The hessian is a square matrix of second-order partial derivatives of a function. Where the gradient describes local contribution to direction, the hessian describes local curvature.

$H_{i, j} = \dfrac{d^2 f}{d \theta_i d \theta_j}$

$\nabla f = \begin{pmatrix}
2 c_1  \theta_1 \\
3  c_2  \theta_2^2 \\
2  c_3  \theta_3
\end{pmatrix}$

$H_f = \begin{bmatrix}
2 c_1 & 0 & 0 \\
0 & 6 c_2 \theta & 0 \\
0 & 0 & 2 c_3
\end{bmatrix}$

#### Positive & Negative // Definite & Semi-Definite // Concave & Convex

A $d$ x $d$ matrix $H$ is positive semi-definite (resp. negative semi-definite) if...

$x^THx \geq (resp. \leq)$ $0$  $\forall x \in \mathbb{R}^d$

... where $x$ isn't a vector of all zeroes. Another way to think of it is that if you added any of the elements together in any combination, the result must be positive (resp. negative) or zero.

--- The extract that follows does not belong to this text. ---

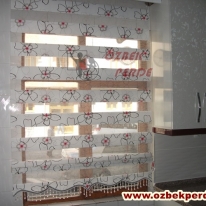 mutfak-icin-siyah-kirmizi-renkli-garden-zebra-perde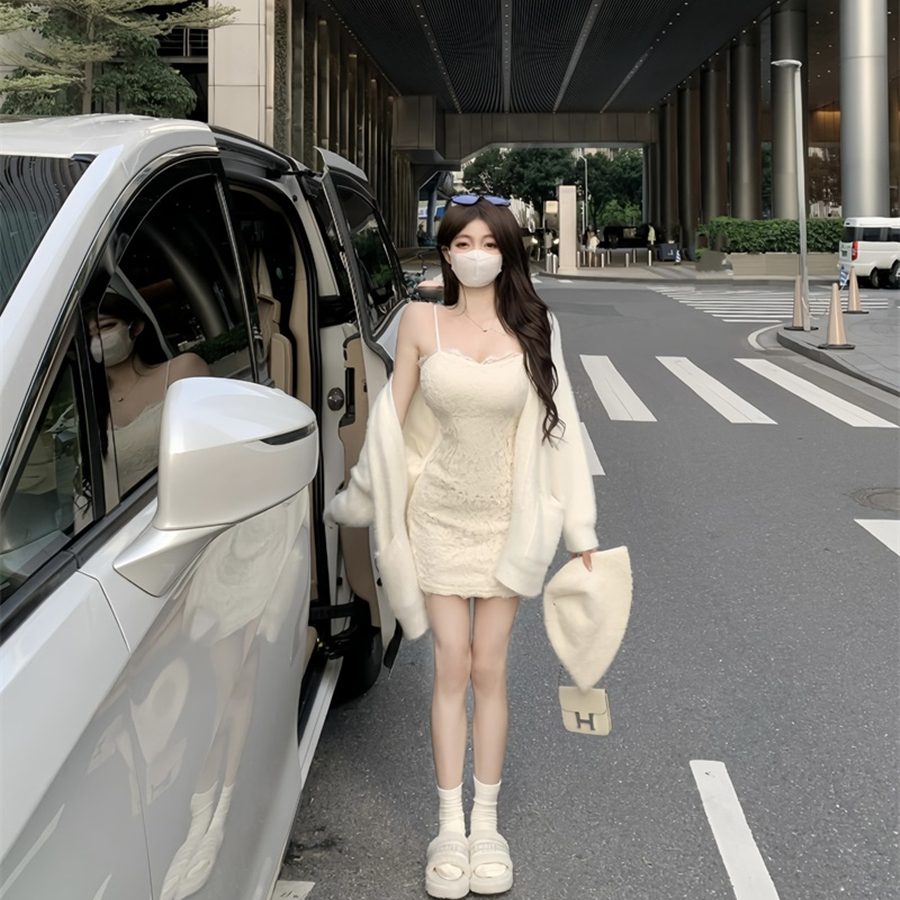 纯欲性感蕾丝吊带连衣裙女秋季2025新款内搭裙子修身收腰包臀短裙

- $\leq 0$ $\to$ negative semi-definite $\to$ concave
- $ < 0$ $\to$ negative definite $\to$ strictly concave 
- $\geq 0$ $\to$ positive semi-definite $\to$ convex
- $ > 0$ $\to$ positive definite $\to$ strictly convex 

If a matrix is definite, it is also semi-definite by definition.

#### Determinant and Trace

Another method of finding convexity/concavity if the matrix is 2x2 and symmetric:

$H = \begin{bmatrix}
a & b \\
c & d
\end{bmatrix}$

- $det(H) = ad - bc$
- $tr(H) = a + d$

... where the trace is generally the sum of elements on the main diagonal.

- $tr(H) \leq 0$
- $det(H) \geq 0$

would mean a matrix is negative semi-definite. 

I personally don't know if this works for larger matrices, though I know finding the determinant is a more complicated process without these conditions.